The Assumption of Applejack -or- Appletheosis, 2 stars

The first sentence: AJ cantered up one of the many hills overlooking the vast orchards of Sweet Apple Acres.

Thoughts:  It's a pretty boring first sentence, but that doesn't mean it's a bad one.  It immediately sets our scene, focuses us on our primary character, and doesn't stumble into any distracting cliches along the way.  I'll give this a workmanlike 3/5, for doing everything it sets out to do, but nothing more.  It's what I'd call a "perfectly good" first sentence--not the kind I'd remember or quote, but fine for that.

Melt, 2 stars

The first sentence:  Celestia carried herself with elegance and grace.

Thoughts:  As with Appletheosis, the first sentence here is basically trying to stay out of the reader's way, rather than actively entice.  This is less impressive, though, because while it does set us up with our focus character, it doesn't really tell us anything else.  Nothing about the setting, nothing about her or her mood that doesn't fall into the "things a ponyfic reader would assume unless told otherwise" category, nothing.  Still a 2/5 for not doing anything to scare me off, but you could literally delete this sentence (and replace "she" with "Celestia" in the next one, I guess), and lose nothing.

The Last Human, 3 stars

The first sentence:  The human lived in the iron city, and he lived all alone.

Thoughts:  This is the first really great sentence we've seen.  It's evocative, it raises questions that require further reading (and not just to the end of the paragraph) to answer, it sets the scene, and it clearly sets the tone for the story going forward.  This is a 5/5, and a great example of how to use that first sentence to draw in the reader and establish your fic in few words.
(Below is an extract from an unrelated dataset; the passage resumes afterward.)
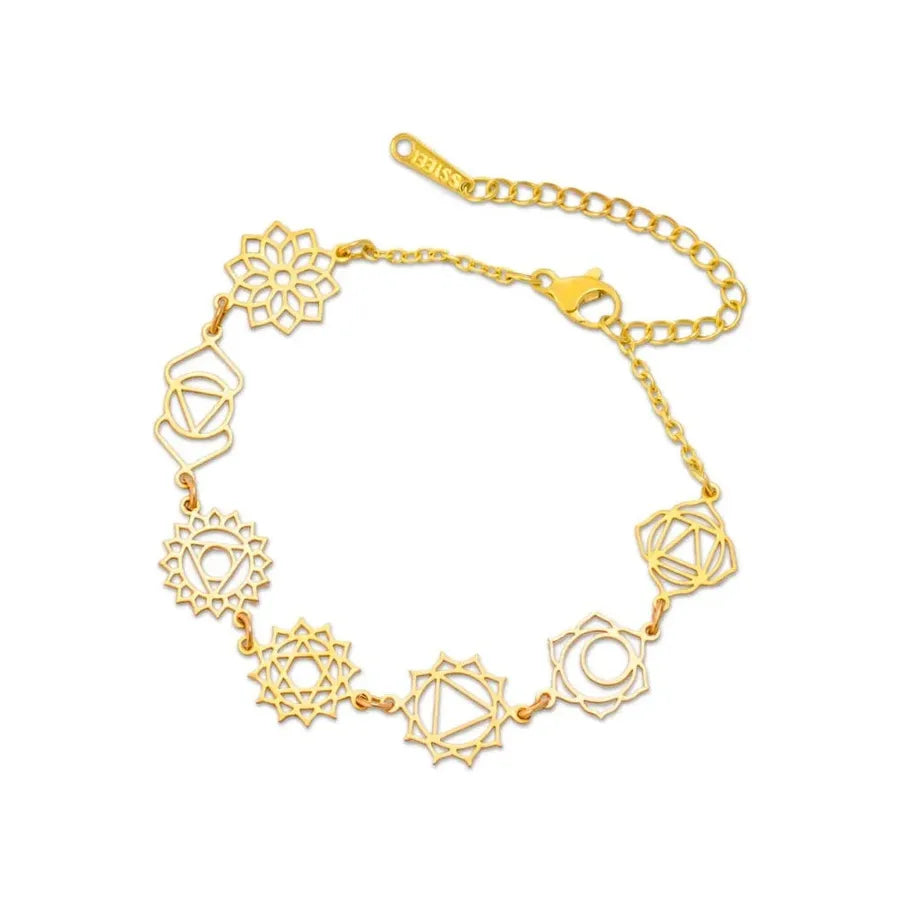 Gold Yoga Elements Stainless Steel Bracelet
In Her Majesty's Royal Service, 2 stars

The first sentence:  At midday, an open air market of Canterlot bustled with activity as ponies meandered between vendor carts laden with silks and jewelry, and loitered in front of irritated shopkeepers’ entranceways.

Thoughts:  The odd phrasing doesn't necessarily inspire a lot of confidence, and doesn't really tell the reader much, either.  It does establish setting, but doesn't really tell us anything beyond "Canterlot marketplace" that we wouldn't have assumed from just those two words.  1/5.

Dash's New Mom, 1 star

The first sentence:  Her life just couldn’t get any better.

Thoughts:  This is hook, pure and simple.  And it does its job, creating a need for resolution both immediate ("her"?) and longer (what's going to happen to change the trajectory of her day?).  As with Appletheosis, this one gets 3/5 for being effective for what it is, but not noteworthy otherwise.

Twilight Sparkle Earns the Feature-Box, 1 star

The first sentence:  In the serene warm darkness of the Canternet, Twilight Sparkle lay, observing her Audience.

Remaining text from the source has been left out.